-- Exercise brief --
Retype the records below exactly as they appear, but leave out any pictures.

-- Excerpts from a dataset --
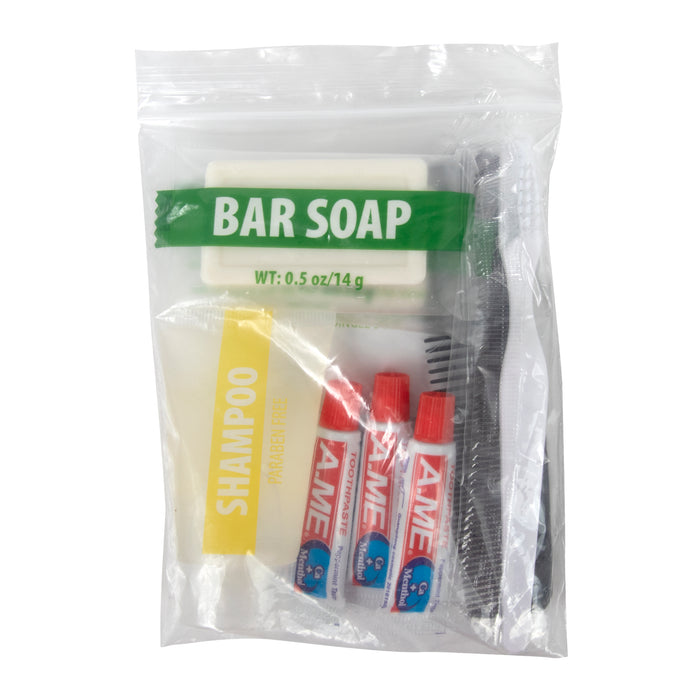 Wholesale 10-Piece Deluxe Hygiene Kit with Drawstring Bag, Socks, Blanket - 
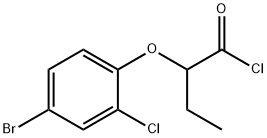 2-(4-溴-2-氯苯氧基)丁酰氯化物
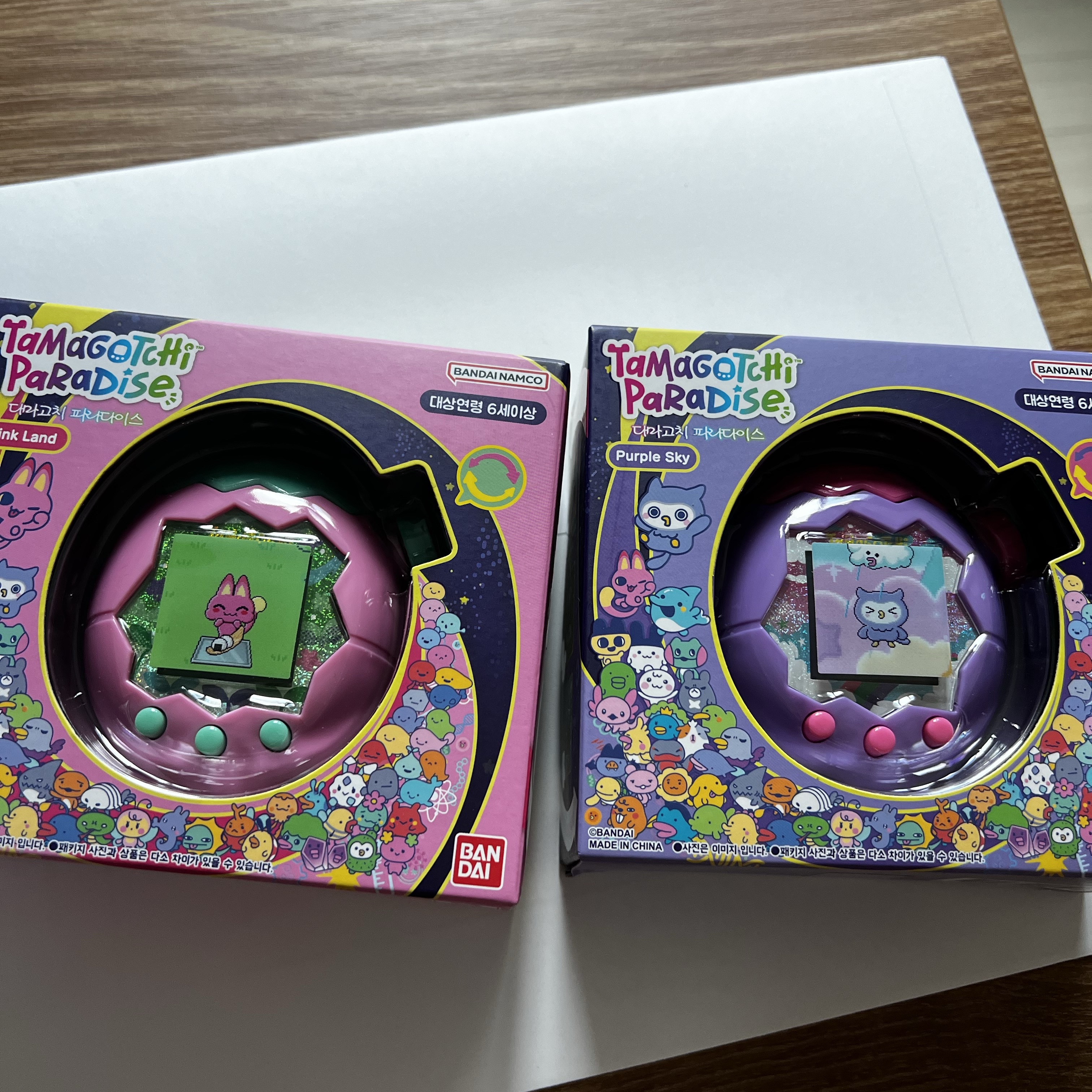 Tamagotchi Paradise Purple Sky, Tamagotchi Paradise Pink Land 착용 스타일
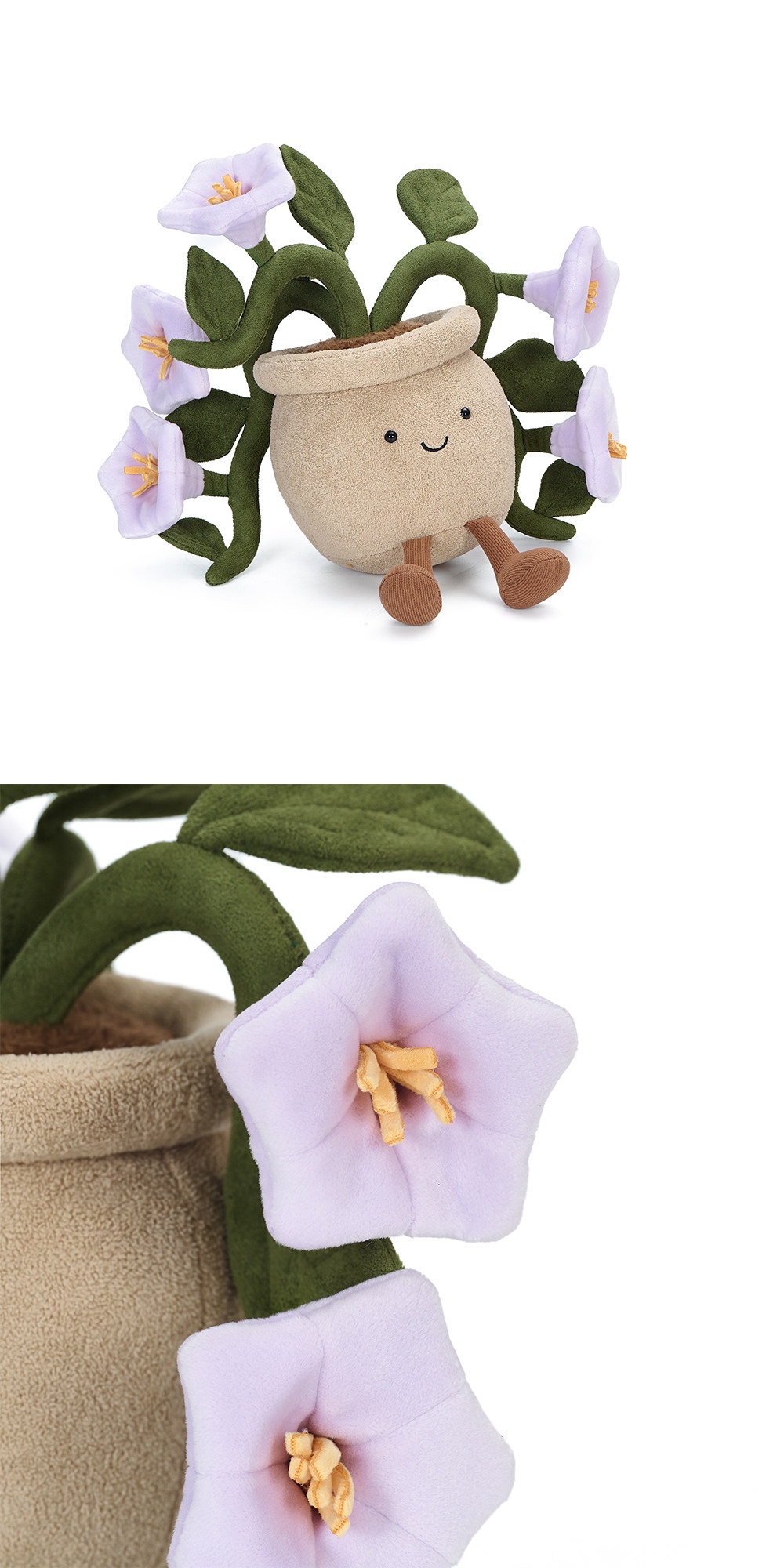 Morning Glory Pot Plush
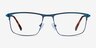 Harrison Navy MetalEyeglass Frames from EyeBuyDirect, Front View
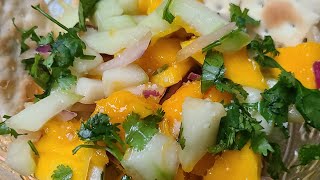 ensalada tropical de mango fácil de preparar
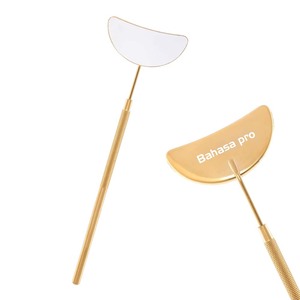 Plasma Gold <b>Eyelash</b> Extension Mirror Makeup Tool Inspection Lash Mirror Stainless Steel Lash Extension Mirror by Bahasa Pro - Product Image 1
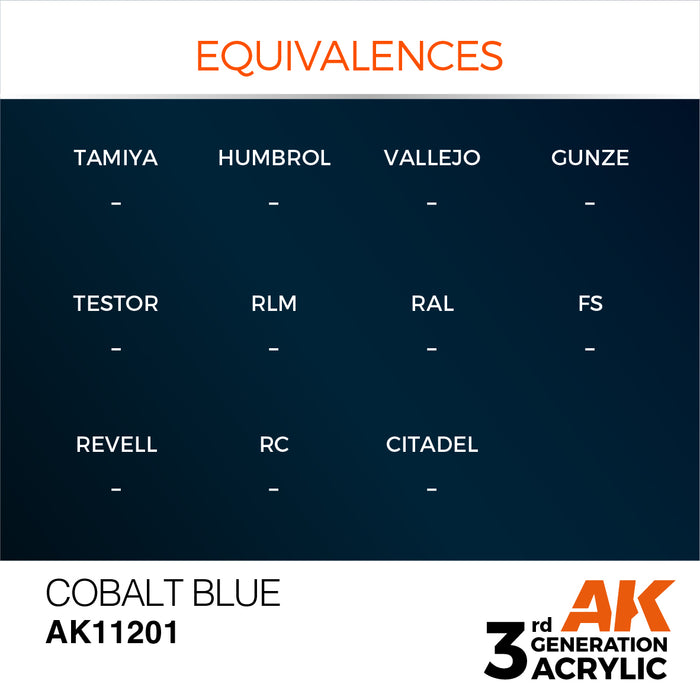 AK 3rd GEN Acrylic Cobalt Blue 17ml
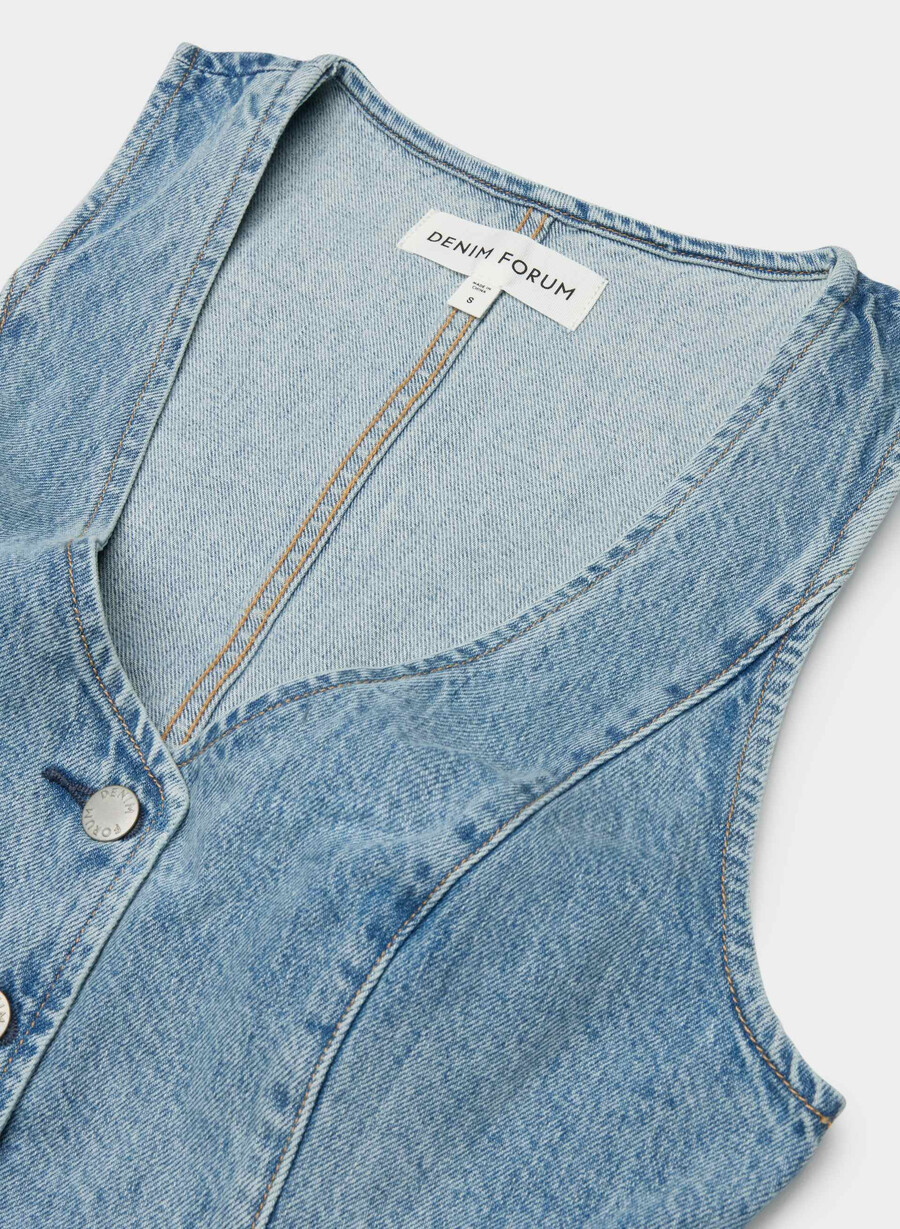 denim forum 90-talets mia jeansväst 7 År bleu taboo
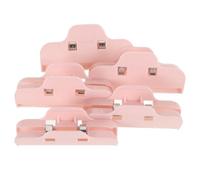 ARTIBETTER 5 pièces Lot de Pinces de Scellage Alimentaires Clips Réutilisables pour Sacs à Snacks et Chips Maintien de Fraîcheur Fermeture Sécurisée Pratique pour Cuisine et Bureau Rose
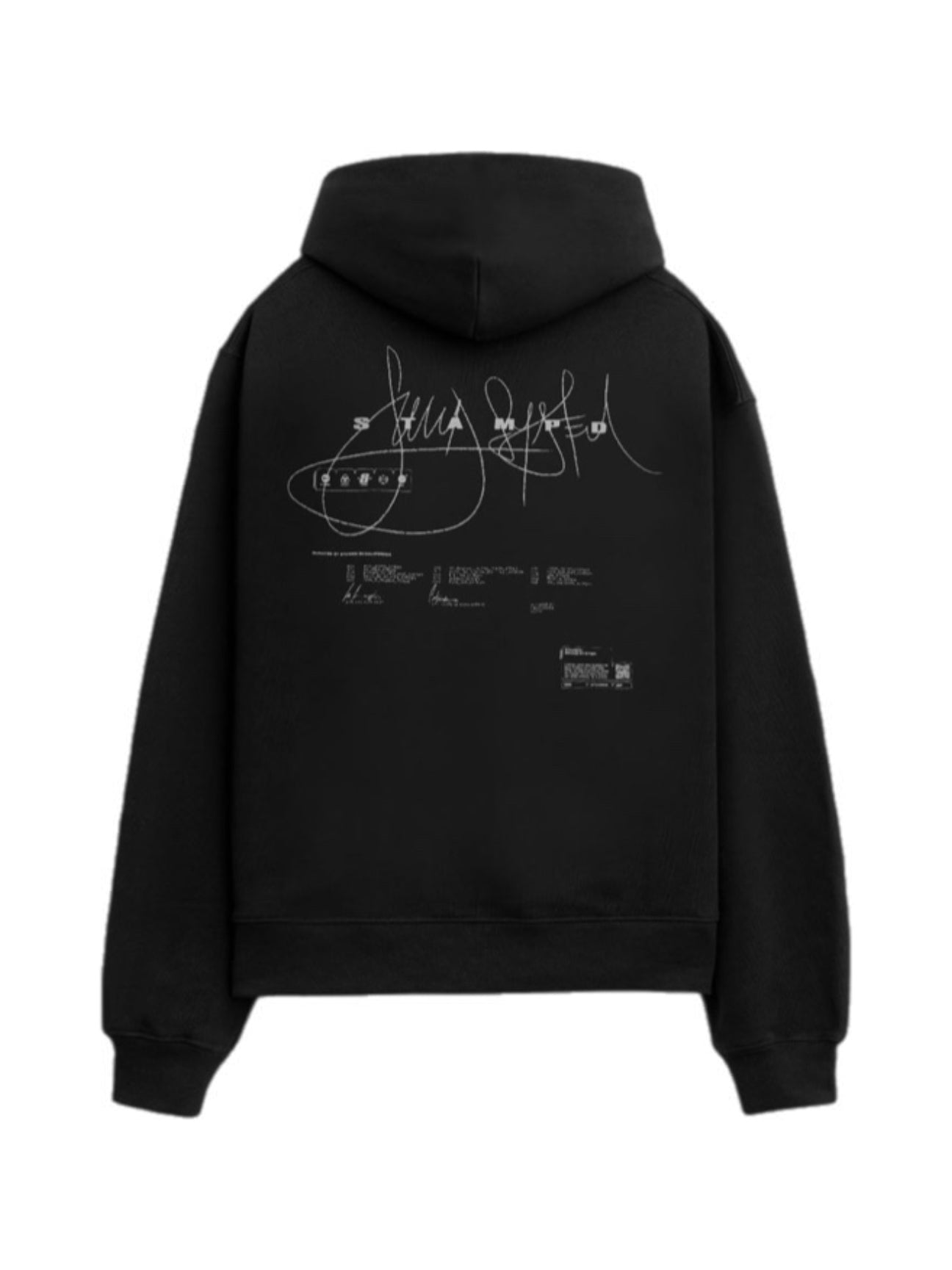 STAMPD F24 Sound System Cropped Hoodie – men's designer sweatshirts (view 2)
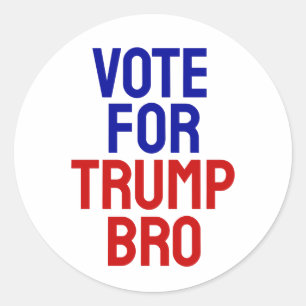 Adesivo Redondo Vote No Trump Irmão - Eleição 2024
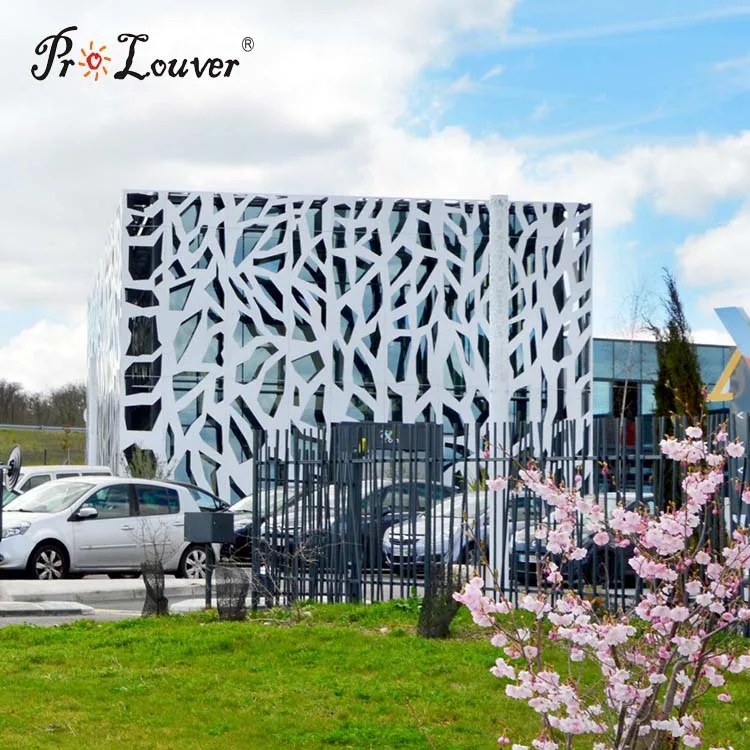 Aluminum Perforated Metal Screen Sheet Used For Hotel Facades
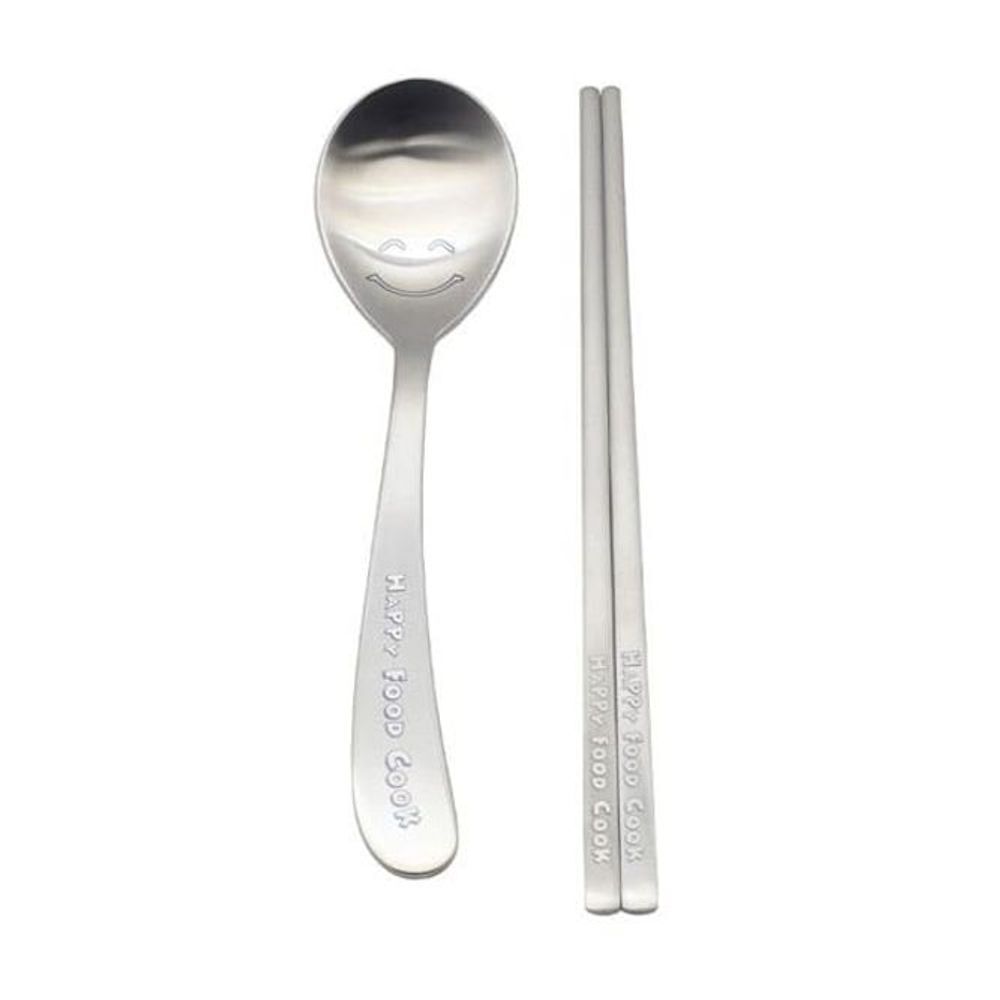 지오벤처스 스마일 어린이 수저세트 아동 젓가락 숟가락 1벌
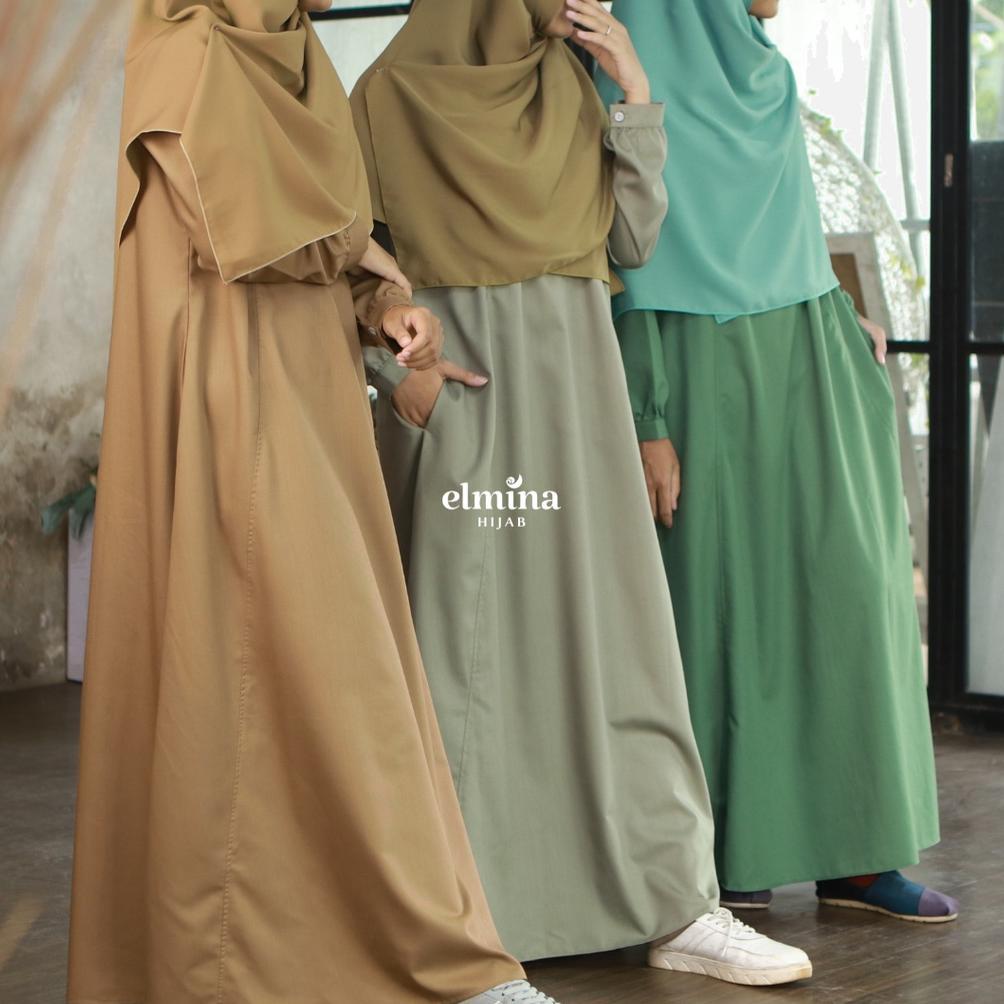 Gamis Syari Alya Dress by Elmina Hijab Terbaru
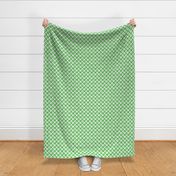 Mini Green and White Irish Clover Check Pattern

-- Task result --
 Wholesale 10-Piece Deluxe Hygiene Kit with Drawstring Bag, Socks, Blanket - 
 2-(4-溴-2-氯苯氧基)丁酰氯化物
 Tamagotchi Paradise Purple Sky, Tamagotchi Paradise Pink Land 착용 스타일
 Morning Glory Pot Plush
 Harrison Navy MetalEyeglass Frames from EyeBuyDirect, Front View
 ensalada tropical de mango fácil de preparar
 Plasma Gold <b>Eyelash</b> Extension Mirror Makeup Tool Inspection Lash Mirror Stainless Steel Lash Extension Mirror by Bahasa Pro - Product Image 1
 AK 3rd GEN Acrylic Cobalt Blue 17ml
 denim forum 90-talets mia jeansväst 7 År bleu taboo
 ARTIBETTER 5 pièces Lot de Pinces de Scellage Alimentaires Clips Réutilisables pour Sacs à Snacks et Chips Maintien de Fraîcheur Fermeture Sécurisée Pratique pour Cuisine et Bureau Rose
 STAMPD F24 Sound System Cropped Hoodie – men's designer sweatshirts (view 2)
 Adesivo Redondo Vote No Trump Irmão - Eleição 2024
 Aluminum Perforated Metal Screen Sheet Used For Hotel Facades
 지오벤처스 스마일 어린이 수저세트 아동 젓가락 숟가락 1벌
 Gamis Syari Alya Dress by Elmina Hijab Terbaru
 Mini Green and White Irish Clover Check Pattern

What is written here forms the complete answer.